- [What is needed] Working from the records below, repeat exactly the lines starting at the line that contains "aoteman long winter" and ending at the line that contains "Spring-Loaded Pogo Pin", inclusive.

[Given information Boundary: Start]

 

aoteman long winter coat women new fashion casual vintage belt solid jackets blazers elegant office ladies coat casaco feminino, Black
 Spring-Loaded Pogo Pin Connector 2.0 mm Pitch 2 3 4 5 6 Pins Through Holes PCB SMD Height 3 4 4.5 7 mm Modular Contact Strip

[Given information Boundary: End]
[Given information Boundary: Start]

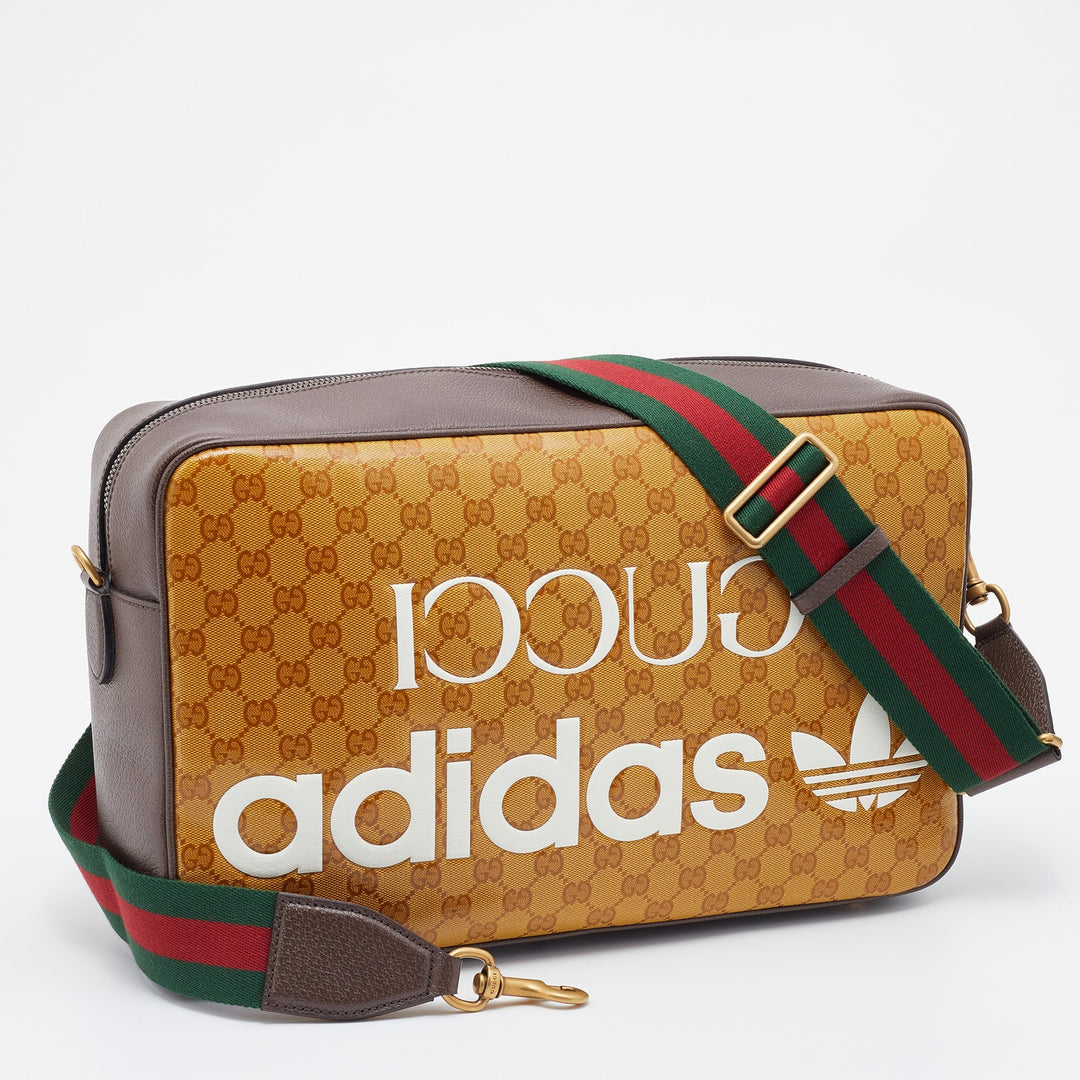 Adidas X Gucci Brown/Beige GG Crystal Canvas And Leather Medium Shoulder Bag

[Given information Boundary: End]

- [Answer section]
aoteman long winter coat women new fashion casual vintage belt solid jackets blazers elegant office ladies coat casaco feminino, Black
 Spring-Loaded Pogo Pin Connector 2.0 mm Pitch 2 3 4 5 6 Pins Through Holes PCB SMD Height 3 4 4.5 7 mm Modular Contact Strip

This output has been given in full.